Fundamental Limits to Cellular Sensing
J. Stat. Phys. , Volume 162 - Issue 5, SI p. 1395- 1424
In recent years experiments have demonstrated that living cells can measure low chemical concentrations with high precision, and much progress has been made in understanding what sets the fundamental limit to the precision of chemical sensing. Chemical concentration measurements start with the binding of ligand molecules to receptor proteins, which is an inherently noisy process, especially at low concentrations. The signaling networks that transmit the information on the ligand concentration from the receptors into the cell have to filter this receptor input noise as much as possible. These networks, however, are also intrinsically stochastic in nature, which means that they will also add noise to the transmitted signal. In this review, we will first discuss how the diffusive transport and binding of ligand to the receptor sets the receptor correlation time, which is the timescale over which fluctuations in the state of the receptor, arising from the stochastic receptor-ligand binding, decay. We then describe how downstream signaling pathways integrate these receptor-state fluctuations, and how the number of receptors, the receptor correlation time, and the effective integration time set by the downstream network, together impose a fundamental limit on the precision of sensing.
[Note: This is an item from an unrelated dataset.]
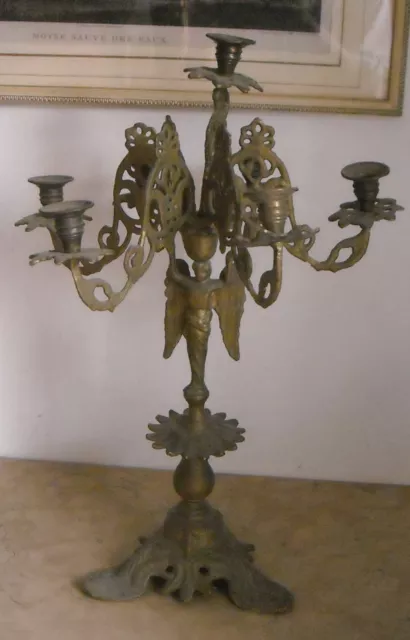 Arti Decorative-Inusuale Antica Lampada-Portacandele D'epoca-Da Collezione-Utile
We then discuss how cells can remove the receptor input noise while simultaneously suppressing the intrinsic noise in the signaling network. We describe why this mechanism of time integration requires three classes (groups) of resources-receptors and their integration time, readout molecules, energy-and how each resource class sets a fundamental sensing limit. We also briefly discuss the scheme of maximum-likelihood estimation, the role of receptor cooperativity, and how cellular copy protocols differ from canonical copy protocols typically considered in the computational literature, explaining why cellular sensing systems can never reach the Landauer limit on the optimal trade-off between accuracy and energetic cost.